7. A ação humanitária deve se adaptar

A crise climática altera a natureza e a gravidade das crises humanitárias. As organizações já se esforçam em responder e não poderão satisfazer necessidades que crescem exponencialmente em virtude da mudança climática não mitigada.

Grandes esforços – na forma de importantes mudanças estruturais e sistêmicas, vontade política, boa governança, investimentos, conhecimentos técnicos e mudança de mentalidade – são necessários para limitar o fenômeno.

As organizações humanitárias devem colaborar para fortalecer a ação climática. Embora as pessoas das zonas de conflito estejam entre as mais vulneráveis à mudança climática, há uma lacuna de financiamento para a ação humanitária entre países estáveis e frágeis. Deve-se alocar uma parcela maior do financiamento climático para lugares afetados por conflitos, a fim de ajudar as comunidades a se adaptarem à mudança climática.

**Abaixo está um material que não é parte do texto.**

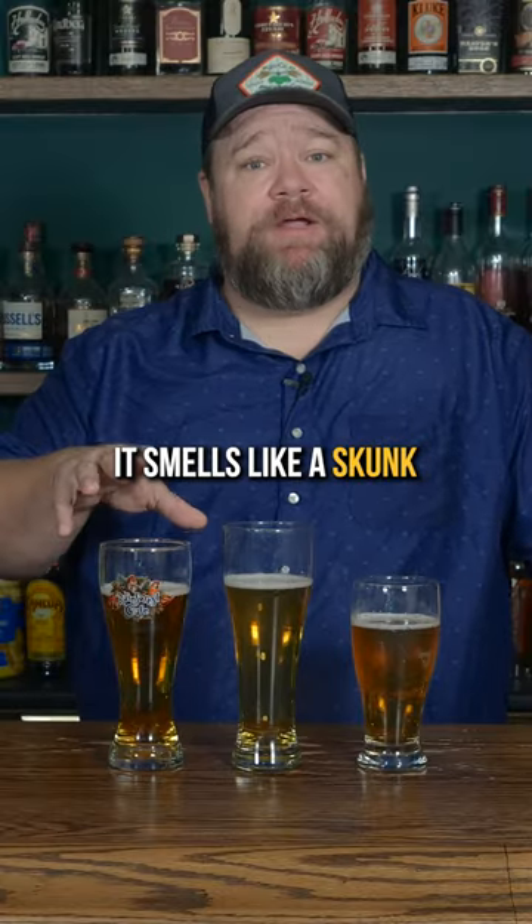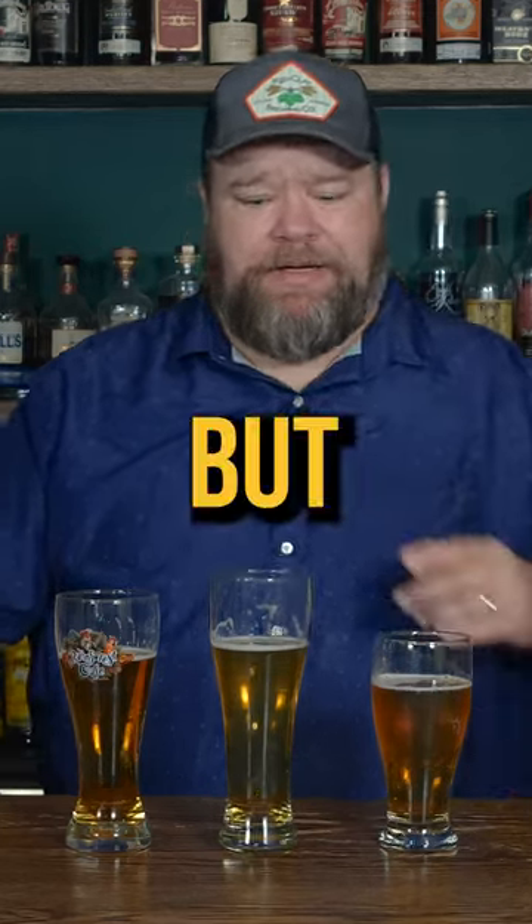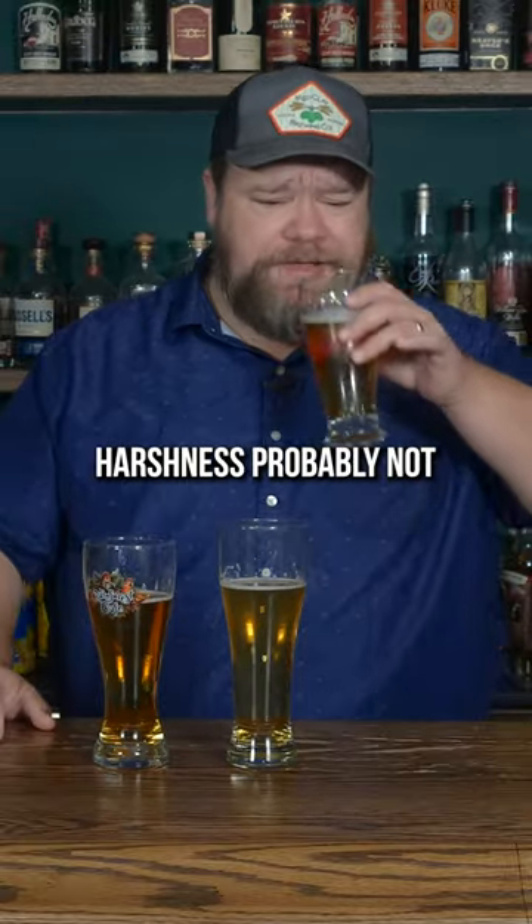It smells like a skunk in here, and I don't know which one of these it is. Stings the nostrils. It's not bad, a little harsh. That one's bland, but doesn't have the harshness of the first one. Each one has something I don't like about it, but I've drank quite a few of these. Harshness, probably not. That one goes down pretty simple.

* Mudança climática se refere a qualquer mudança no clima que persiste por um período prolongado – em geral, décadas ou mais. Variabilidade climática se refere a flutuações nas condições climáticas dentro de um período de tempo mais curto, como um mês, uma estação ou um ano. Variações como a frequência ou a intensidade das chuvas, ciclones tropicais, temperaturas, etc., podem ser excepcionais e integrar a variabilidade climática natural. Variações persistentes podem indicar uma possível mudança no clima.

** Degradação ambiental é um processo através do qual o meio ambiente é comprometido. Pode ser um processo inteiramente natural ou pode ser acelerado ou causado por atividades humanas.